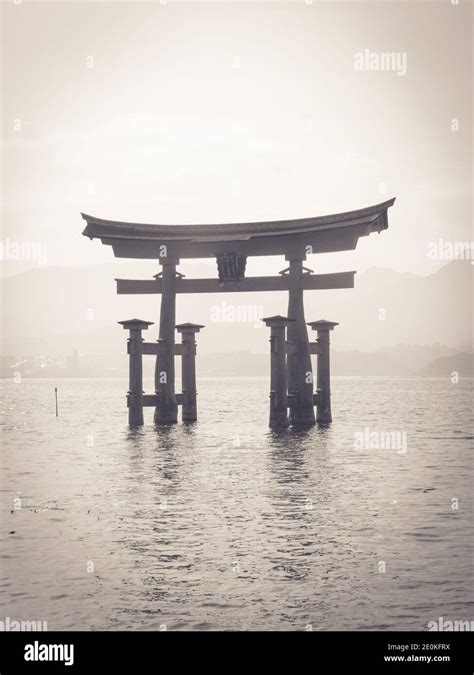 Black And White Floating Torii Gate Of Itsukushima Shrine Itsukushima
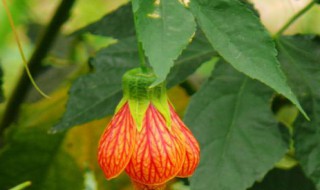 纹瓣悬铃花的养殖方法 纹瓣悬铃花介绍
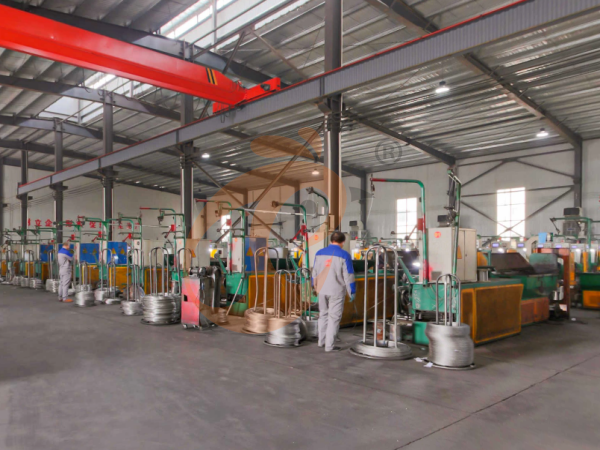 Filial Chinesa Oferece Plano de Negócios para Avicultura, Fabrica Equipamentos para Avicultura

_YOUR GOAL_.
Transcribe the whole listing exactly. Pictures stay out of your copy.

_ANSWER TO THE PROBLEM_.
 Black And White Floating Torii Gate Of Itsukushima Shrine Itsukushima
 纹瓣悬铃花的养殖方法 纹瓣悬铃花介绍
 Filial Chinesa Oferece Plano de Negócios para Avicultura, Fabrica Equipamentos para Avicultura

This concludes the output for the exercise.